[[ Data open ]]

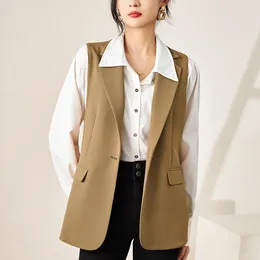 Women's Vests Acetate Office Lady Vest Autumn Notched Collar Elegant Fashion For Women Sleeveless Coat Casual Solid Tops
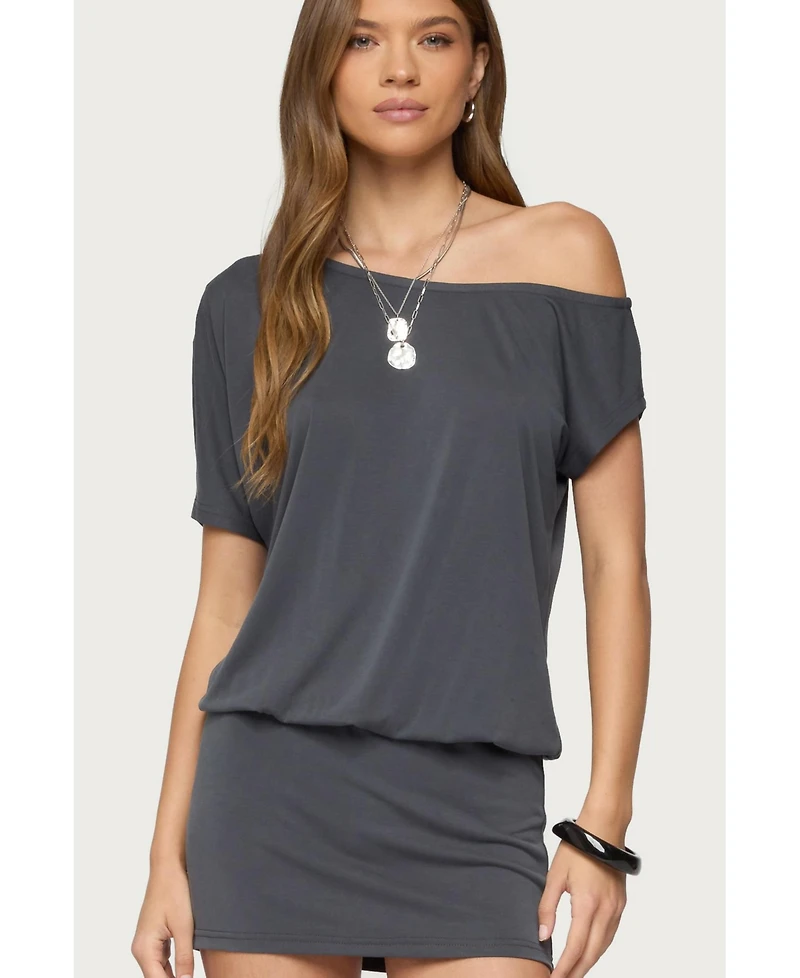 Edikted Womens Sevie Off Shoulder Mini Dress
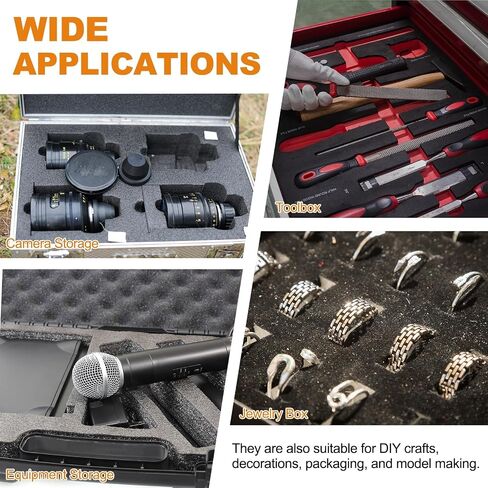 MECCANIXITY 2 Pcs Polyurethane Foam Inserts, 12"Lx12"Wx2"T & 16"Lx12"Wx1"T Cuttable Polyurethane Pick and Pluck Packing Sheets Cushioning Padding for Cases Tool Box Game Box Camera(Black) in Kuwait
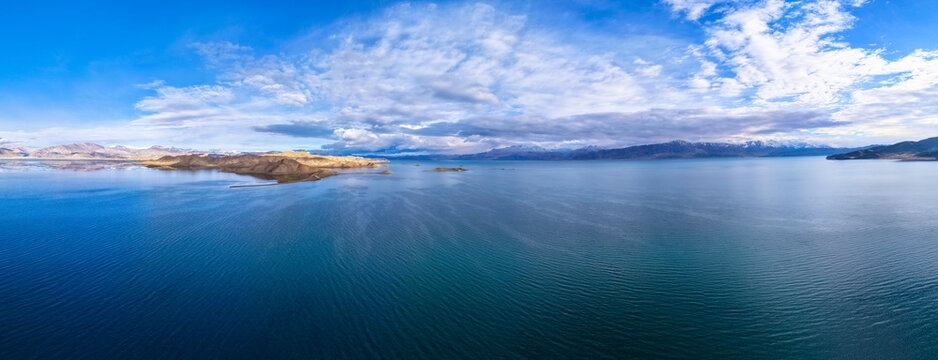 Aerial view of blue Pangong Tso lake and rugged shores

[[ Data closed ]]

What to do – Every line between the one containing "Edikted Womens Sevie Off Shoulder Mini Dress" and the end of the listing, both included, needs to be retyped exactly, minus the pictures.

Solution below –
 Edikted Womens Sevie Off Shoulder Mini Dress
 MECCANIXITY 2 Pcs Polyurethane Foam Inserts, 12"Lx12"Wx2"T & 16"Lx12"Wx1"T Cuttable Polyurethane Pick and Pluck Packing Sheets Cushioning Padding for Cases Tool Box Game Box Camera(Black) in Kuwait
 Aerial view of blue Pangong Tso lake and rugged shores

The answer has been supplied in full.